Browse available models through the UI or API. Consider factors like:

Use Case: Text generation, code, embeddings, etc.
Performance: Response time, throughput requirements
Cost: Token pricing vs instance pricing
Compliance: Data residency, encryption requirements

Step 2: Configure Deployment

Provide deployment configuration:

{
  "title": "Production AI Assistant",
  "use_case": "customer-support",
  "deployed_resource": {
    "resource_name": "Support Bot",
    "resource_type": "bedrock",  // or "sagemaker", "nvidia-nim"
    "aws_resource_id": "amazon.nova-pro-v1:0",
    "region": "eu-north-1",
    "estimated_hourly_cost": 0
  }
}

Step 3: Set System Prompt

Configure the model's behavior with a custom system prompt:

POST /api/bedrock/system-prompt

{
  "modelId": "amazon.nova-pro-v1:0",
  "systemPrompt": "You are a helpful customer support assistant..."
}

Step 4: Test and Monitor

After deployment:

Test the model with sample queries
Monitor response times and error rates
Track token usage and costs
Adjust configuration as needed

Environment Variables

Required environment variables for deployment:

# AWS Configuration (Required for Bedrock & SageMaker)
STAQUE_AWS_REGION=eu-north-1
STAQUE_AWS_ACCESS_KEY_ID=AKIAIOSFODNN7EXAMPLE
STAQUE_AWS_SECRET_ACCESS_KEY=wJalrXUtnFEMI/K7MDENG/bPxRfiCYEXAMPLEKEY

# SageMaker Specific (Required for SageMaker deployments)
SAGEMAKER_SUBNET_IDS=subnet-12345,subnet-67890
SAGEMAKER_SECURITY_GROUP_IDS=sg-12345678
SAGEMAKER_EXECUTION_ROLE_ARN=arn:aws:iam::123456789012:role/SageMakerRole

# NVIDIA NIM (Required for NVIDIA NIM deployments)
NVIDIA_API_KEY=nvapi-xxxxxxxxxxxxx
NIM_BASE_URL=https://integrate.api.nvidia.com

Cost Optimization

Bedrock & NIM (Token-Based)

No idle costs - only pay for what you use
Optimize prompts to reduce token usage
Use cheaper models for simple tasks
Implement caching for repeated queries

SageMaker (Instance-Based)

Right-size instances based on actual load
Use auto-scaling to match demand
Delete endpoints when not in use
Consider Spot instances for dev/test
Use smaller instances for low-traffic models

Security Best Practices

AWS Credentials: Use IAM roles with minimal required permissions
API Keys: Never commit keys to version control
VPC: Use VPC isolation for SageMaker endpoints handling sensitive data
Encryption: Enable encryption at rest and in transit
Access Control: Implement role-based access in your application
Monitoring: Set up CloudWatch alarms for unusual activity

Troubleshooting

Common Issues

Error: Model not found

Solution: Verify model ID is correct and available in your region. Some models are region-specific.

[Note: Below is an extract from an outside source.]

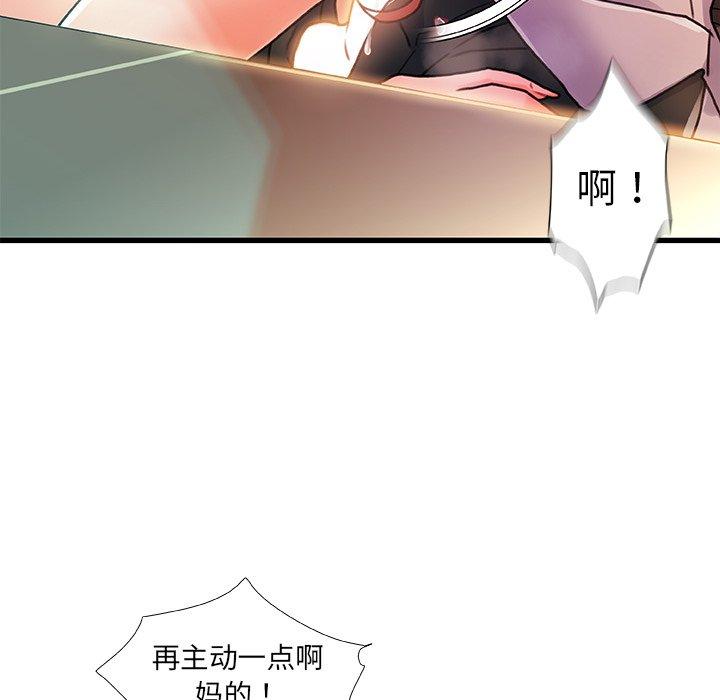 《故乡的那些女人》漫画最新章节故乡的那些女人-第 7 话免费下拉式在线观看章节第【118】张图片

Error: Insufficient permissions

Solution: Check IAM permissions for your AWS credentials. Ensure bedrock:InvokeModel or sagemaker:InvokeEndpoint is granted.

SageMaker endpoint stuck in "Creating"

Solution: Check VPC configuration (subnets, security groups). Ensure execution role has required permissions. Typical creation time is 5-10 minutes.